Starting at the line that holds "2403 1480 Riverside Dr, Ottawa, ON K1G 5H2", restate every line word for word up to and including the last one in the listing below, and omit all pictures.

DATASET CONTENT section start

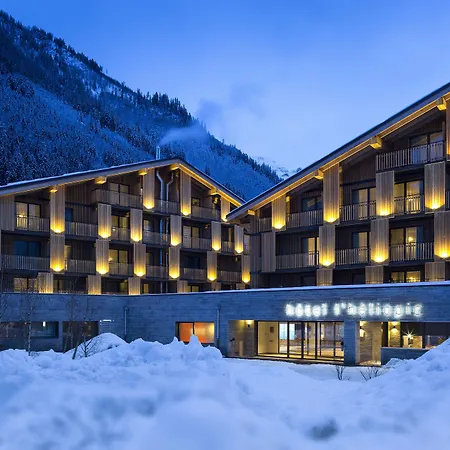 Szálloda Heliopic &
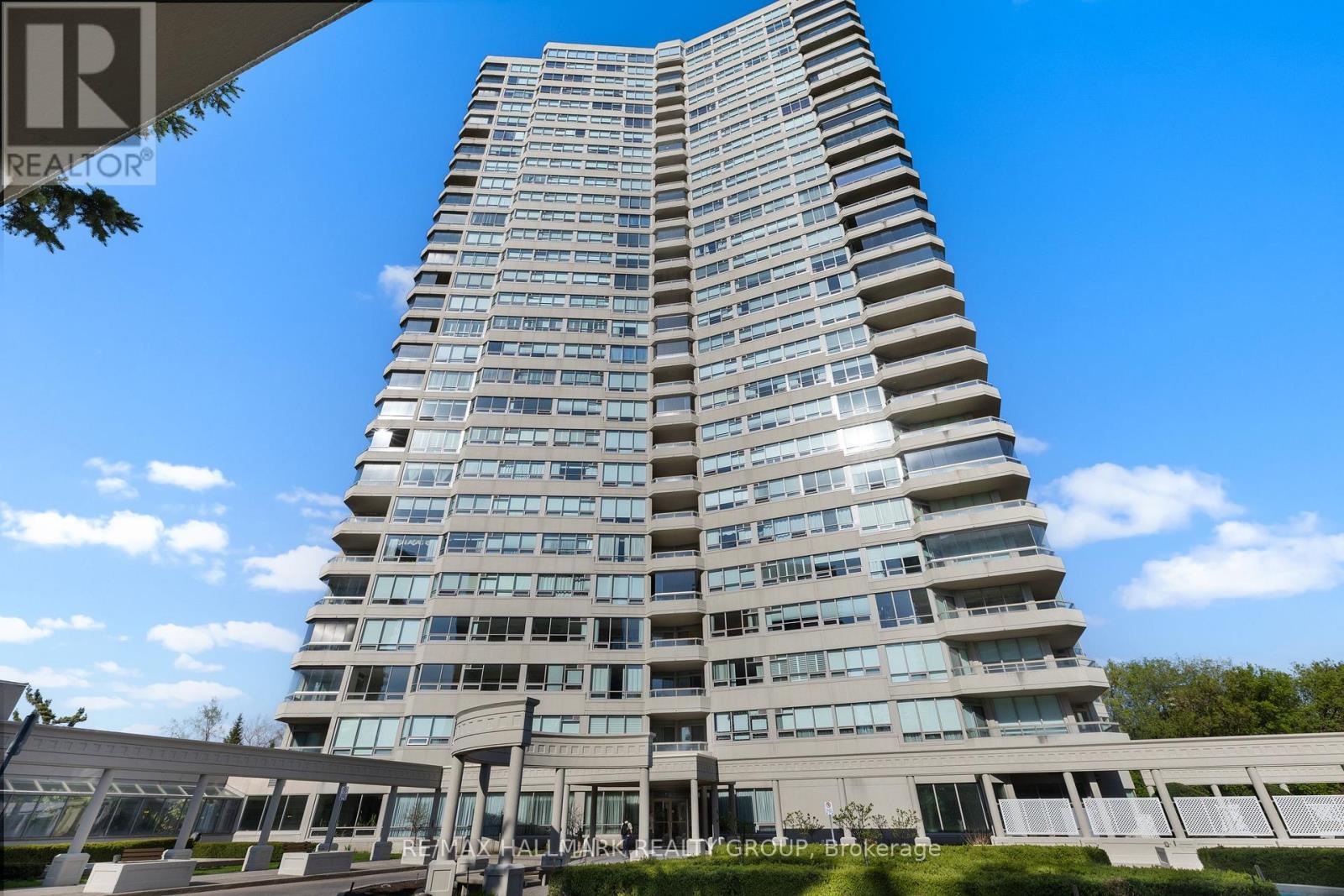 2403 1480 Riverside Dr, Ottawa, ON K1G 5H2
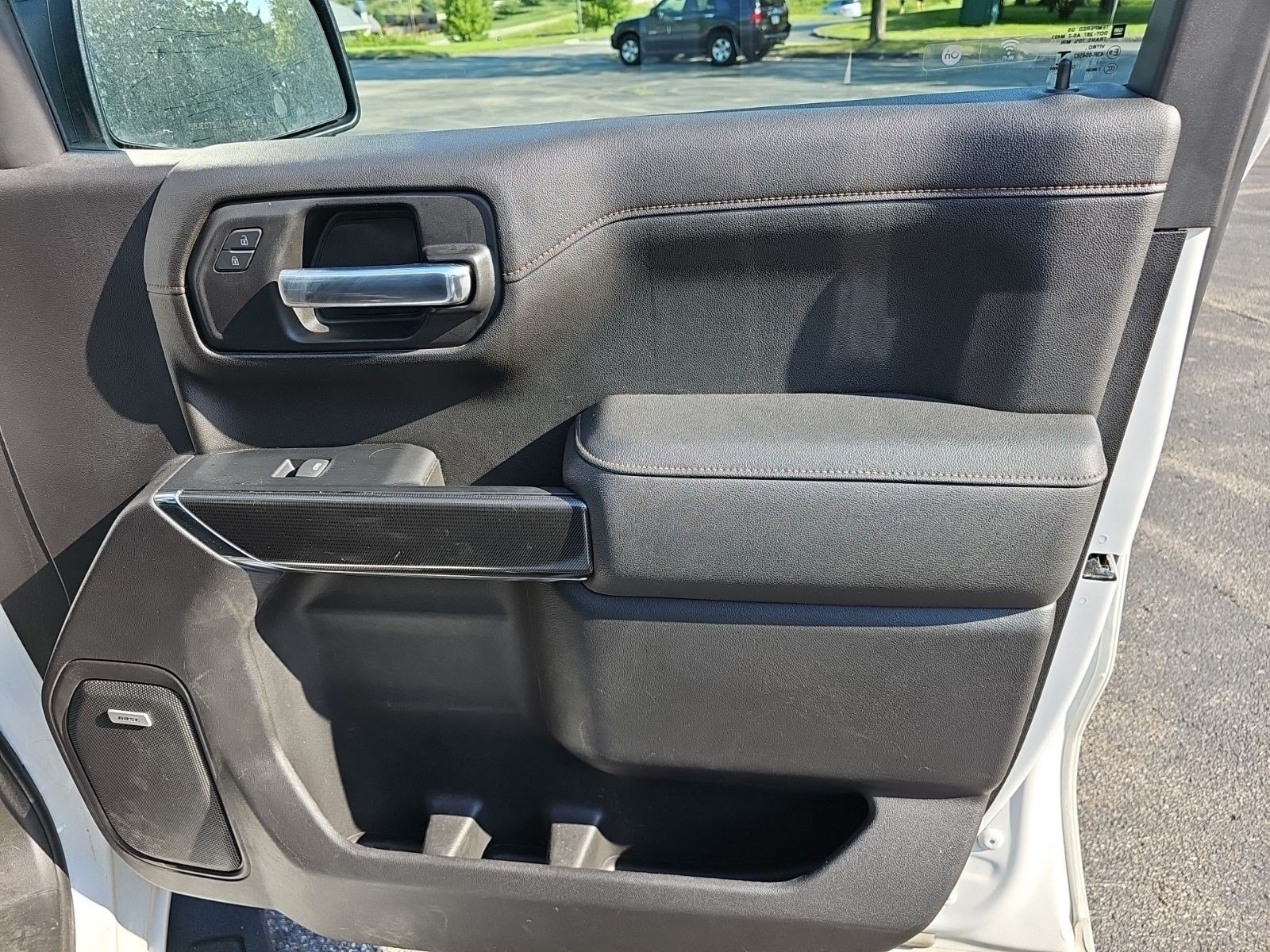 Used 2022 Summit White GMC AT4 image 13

DATASET CONTENT section end

TASK RESPONSE:
 2403 1480 Riverside Dr, Ottawa, ON K1G 5H2
 Used 2022 Summit White GMC AT4 image 13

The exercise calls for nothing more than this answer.